A week later I had a chance to sit down with David and talk late into the night about his experience making this work. It was interesting to compare traditional media to the way artists in digital media work. The news release about the show refers to the artists as “pioneers in new media arts”. In talking to David it was clear to me that indeed he is exploring a new continent. What I do in my studio is a variation of the same processes that artists have used for thousands of years. What David does is, by comparison, to step out into a kind of wild jungle of unexplored, unmapped territory.

He talked to me about the difficulties he found in creating this work. He related how the properties of a software application are able to be replicated. But they change based on the tools they are running on. He talked about how it is new science and how it is thus impossible to estimate the time it will take to achieve a goal. David lamented that he can set a goal and he may or may not get there. In the case of Routine, he created the work on a computer that was more powerful than the equipment used to transmit it, and ended up having to ratchet down the parameters of the piece to fit the presentation tools available.
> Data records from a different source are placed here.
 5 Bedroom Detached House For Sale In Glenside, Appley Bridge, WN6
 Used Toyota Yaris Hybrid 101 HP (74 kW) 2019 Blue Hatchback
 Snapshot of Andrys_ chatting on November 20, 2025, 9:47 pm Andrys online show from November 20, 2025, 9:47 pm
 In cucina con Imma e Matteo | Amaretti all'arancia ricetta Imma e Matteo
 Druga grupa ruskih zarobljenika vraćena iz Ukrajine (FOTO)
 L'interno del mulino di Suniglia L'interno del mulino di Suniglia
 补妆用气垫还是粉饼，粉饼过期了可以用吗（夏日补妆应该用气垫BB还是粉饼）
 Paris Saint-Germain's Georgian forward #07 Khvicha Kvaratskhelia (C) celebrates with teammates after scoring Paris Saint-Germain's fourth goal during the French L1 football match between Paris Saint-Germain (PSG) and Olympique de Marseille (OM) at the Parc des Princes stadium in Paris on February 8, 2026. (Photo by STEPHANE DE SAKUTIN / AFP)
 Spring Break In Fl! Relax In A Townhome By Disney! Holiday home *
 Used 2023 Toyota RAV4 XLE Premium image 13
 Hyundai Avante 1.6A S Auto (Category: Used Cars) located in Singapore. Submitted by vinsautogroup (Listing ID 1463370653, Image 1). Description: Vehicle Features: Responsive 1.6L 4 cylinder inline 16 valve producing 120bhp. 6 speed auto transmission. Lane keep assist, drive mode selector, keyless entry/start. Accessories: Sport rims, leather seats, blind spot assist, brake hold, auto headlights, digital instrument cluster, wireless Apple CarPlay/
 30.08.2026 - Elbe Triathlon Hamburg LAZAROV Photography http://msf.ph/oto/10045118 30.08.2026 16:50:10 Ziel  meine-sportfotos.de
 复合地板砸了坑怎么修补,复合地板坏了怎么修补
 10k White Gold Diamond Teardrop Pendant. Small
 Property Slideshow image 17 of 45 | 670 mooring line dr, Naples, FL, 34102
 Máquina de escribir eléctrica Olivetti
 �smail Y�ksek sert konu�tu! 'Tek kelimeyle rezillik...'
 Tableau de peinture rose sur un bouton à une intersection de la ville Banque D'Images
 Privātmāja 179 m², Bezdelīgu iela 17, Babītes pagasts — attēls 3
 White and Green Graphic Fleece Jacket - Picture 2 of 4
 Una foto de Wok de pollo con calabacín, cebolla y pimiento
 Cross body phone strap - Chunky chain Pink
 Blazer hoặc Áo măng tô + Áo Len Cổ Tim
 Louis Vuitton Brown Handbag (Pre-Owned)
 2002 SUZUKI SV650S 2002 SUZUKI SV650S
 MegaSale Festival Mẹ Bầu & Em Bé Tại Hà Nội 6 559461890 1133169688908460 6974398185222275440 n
David also expressed surprise in observing the way people interacted with the piece. The piece has a sign inviting the viewer to touch the screen. He found people reaching out to touch the sign instead of the piece. This illustrates, for me, a bit of the disconnect between people like David who are at home– I mean AT HOME, in a digital world, and the rest of us who live in a world more like the previous thousand years.

When I stepped into this ephemeral exhibition, loaded with wall projections, constantly moving and morphing, I found myself longing for the fatness of paint, the grain of wood, the traditional visceral, sensual materials of the past. People like David, so accustomed to the digital vocabulary don’t have that sense of loss.

McArthur Freeman seemed to me to bridge the divide with his series of small heads. A brilliant draftsman and painter, McArthur has, of late, been exploring the union of his traditional images and technology. In ID:entity the characters he has created have been generated by technology that renders a three dimensional object from a drawing. The heads are laminates of many planes assembled to create the final image. The heads have a voluptuousness and presence that loops back to traditional art.

I started to make a case, in my late night talk with David, that this technological art was somewhat removed from human emotion. I wanted to spin a line of reasoning that it was cold and detached, born as it is from a machine, without evidence of the human hand. But I only got a couple of sentences out before remembering that I had found the exhibition, as a whole, to be very senusous, in its own way. Much of it projected onto a screen or wall, bearing a stronger resemblance to a movie or television program than to a painting, it had a kind of subtle sensuality, arriving from some mental place instead of from the sense of touch. It bore the mark, as does any good work, of thought and intensive labor, of energy concentrated in a vehicle set out for our contemplation. Only in this interactive exhibition, over and over, the viewer was invited to enter into the work and become a part of it.